- [Data records]:
======
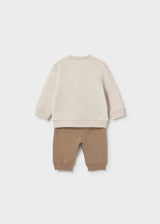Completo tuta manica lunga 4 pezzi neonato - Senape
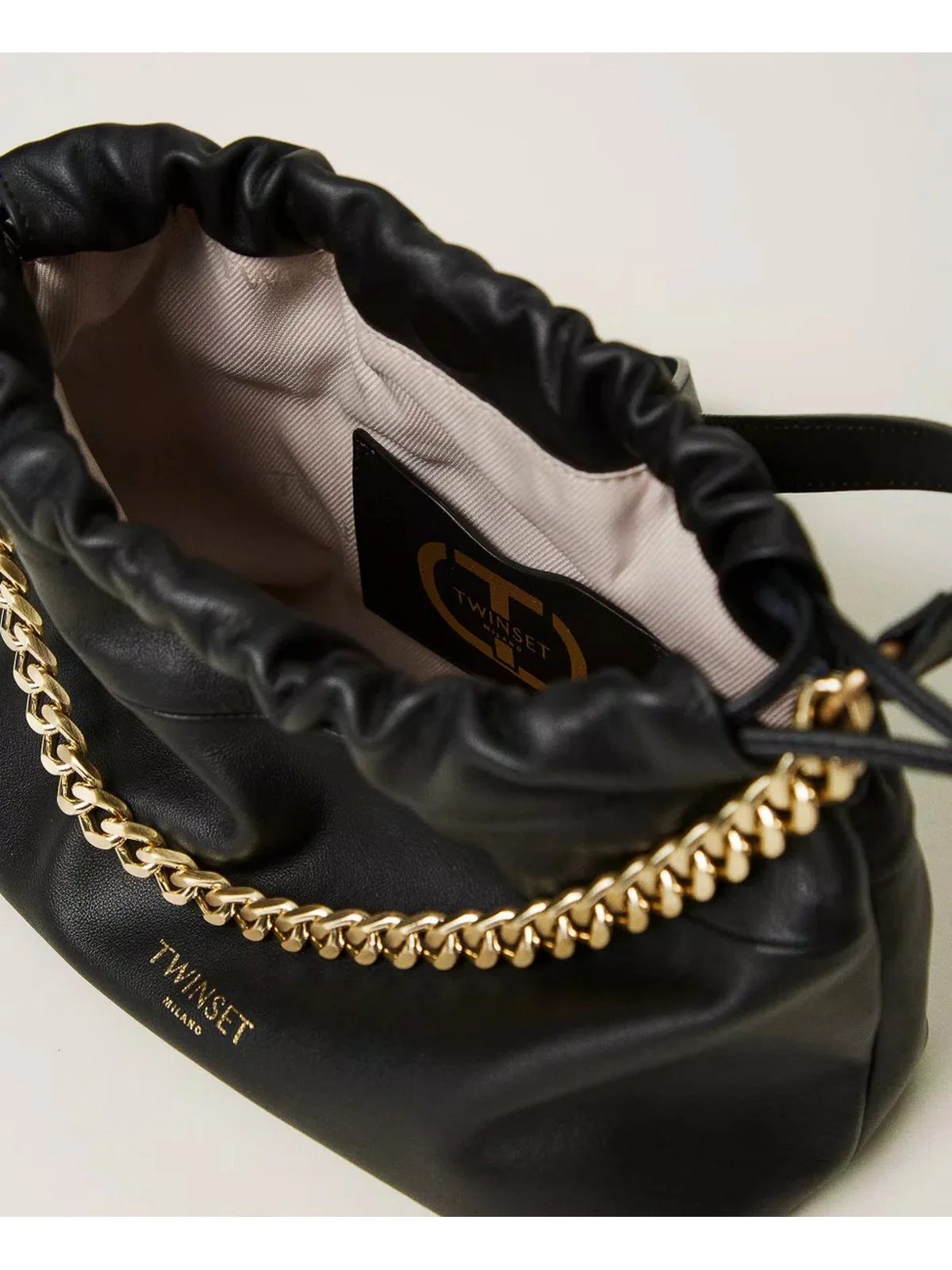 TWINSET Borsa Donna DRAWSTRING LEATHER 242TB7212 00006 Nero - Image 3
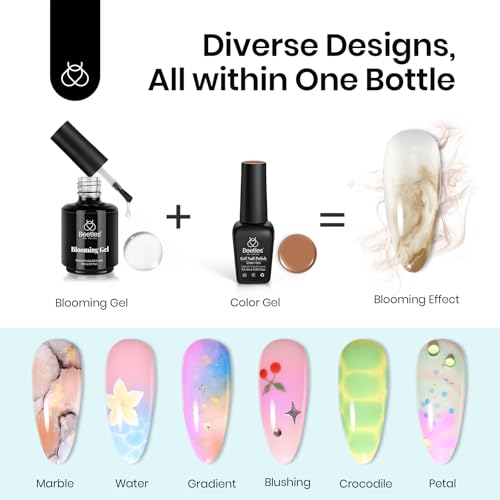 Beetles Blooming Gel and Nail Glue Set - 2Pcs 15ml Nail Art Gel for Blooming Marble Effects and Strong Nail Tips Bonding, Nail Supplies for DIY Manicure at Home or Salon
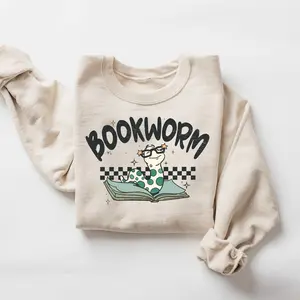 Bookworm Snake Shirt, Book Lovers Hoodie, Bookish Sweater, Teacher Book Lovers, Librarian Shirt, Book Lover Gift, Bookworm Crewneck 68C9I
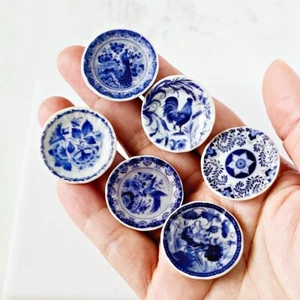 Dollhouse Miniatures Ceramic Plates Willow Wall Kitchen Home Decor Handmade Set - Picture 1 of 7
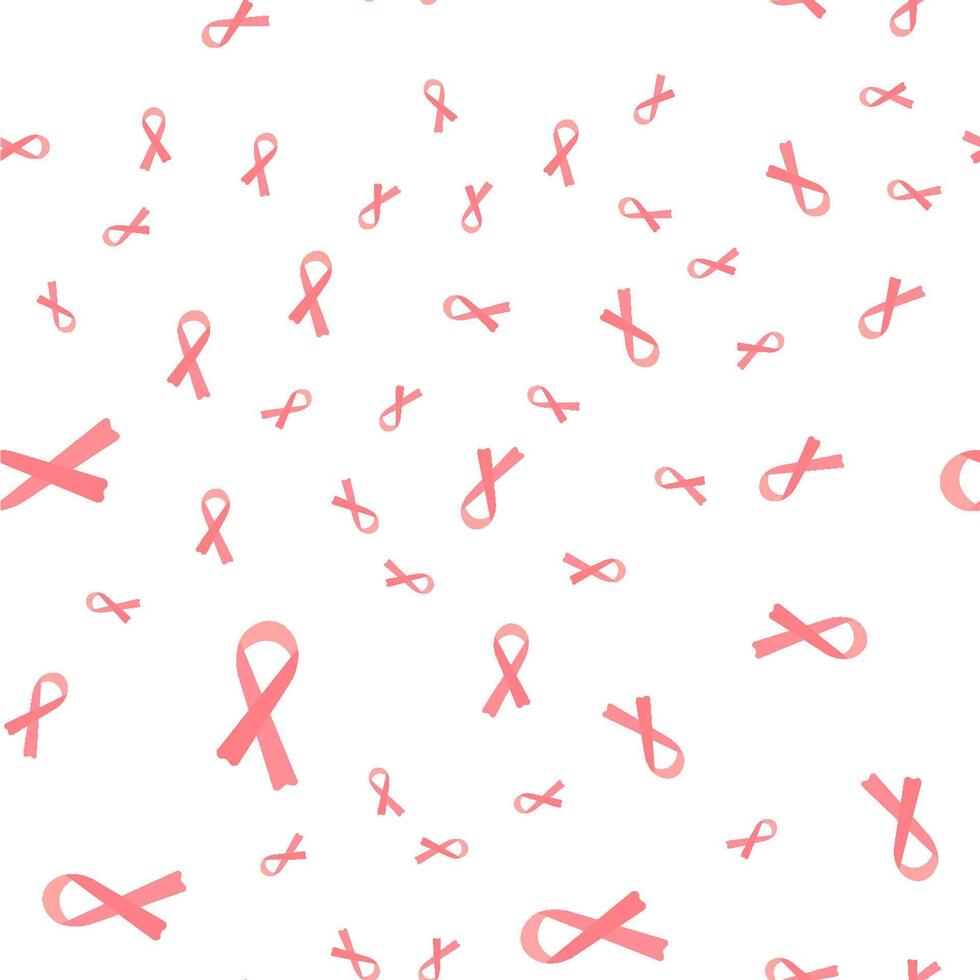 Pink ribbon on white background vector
======
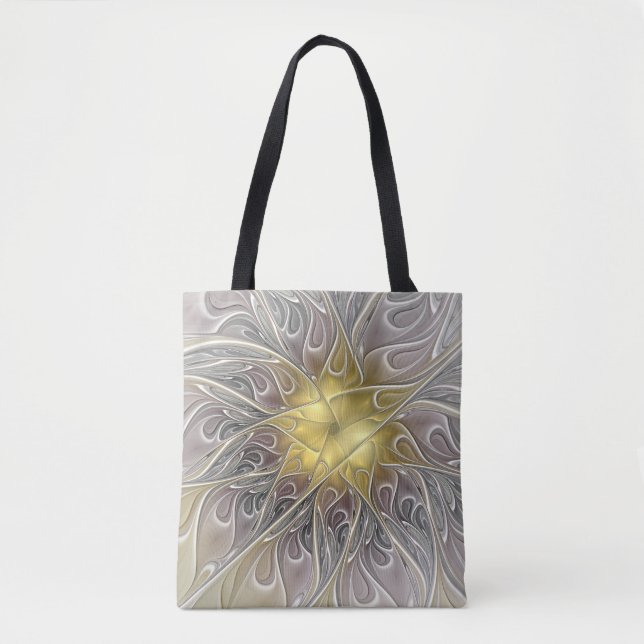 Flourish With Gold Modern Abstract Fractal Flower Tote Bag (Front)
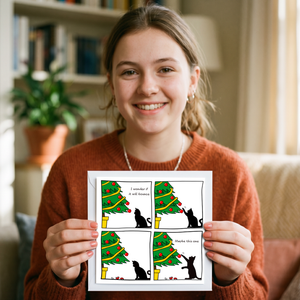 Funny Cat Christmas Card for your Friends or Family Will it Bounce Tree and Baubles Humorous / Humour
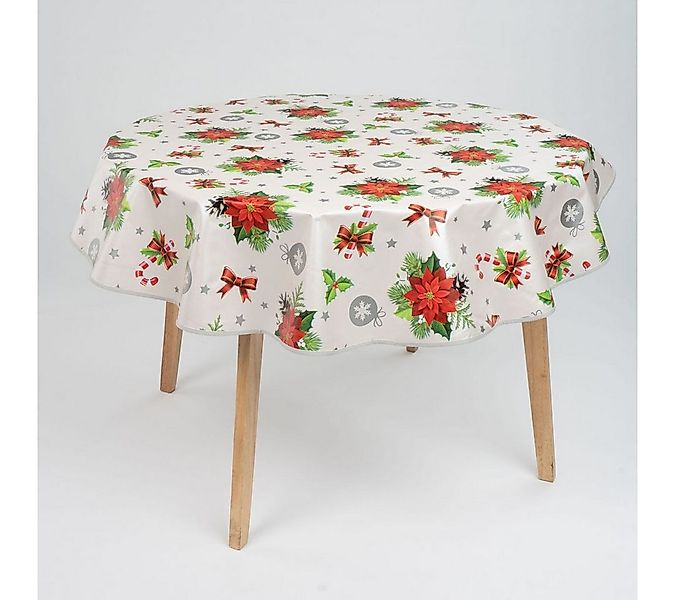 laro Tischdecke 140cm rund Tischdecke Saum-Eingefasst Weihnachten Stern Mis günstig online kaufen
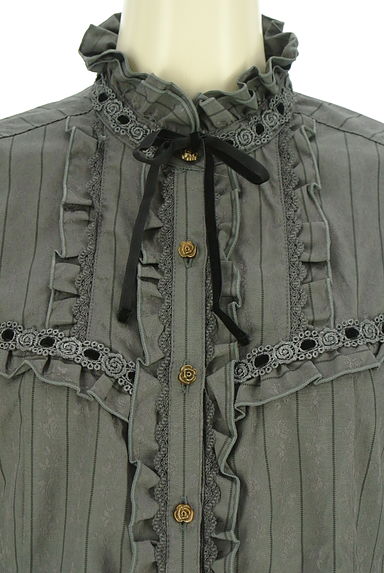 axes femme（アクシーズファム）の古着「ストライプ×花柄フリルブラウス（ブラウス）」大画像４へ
======
- [Instructions for the task]:
Copy back exactly the lines above from the one containing "Beetles Blooming Gel" through the one containing "Pink ribbon on white background vector", and leave every picture behind.

- [Answer]:
 Beetles Blooming Gel and Nail Glue Set - 2Pcs 15ml Nail Art Gel for Blooming Marble Effects and Strong Nail Tips Bonding, Nail Supplies for DIY Manicure at Home or Salon
 Bookworm Snake Shirt, Book Lovers Hoodie, Bookish Sweater, Teacher Book Lovers, Librarian Shirt, Book Lover Gift, Bookworm Crewneck 68C9I
 Dollhouse Miniatures Ceramic Plates Willow Wall Kitchen Home Decor Handmade Set - Picture 1 of 7
 Pink ribbon on white background vector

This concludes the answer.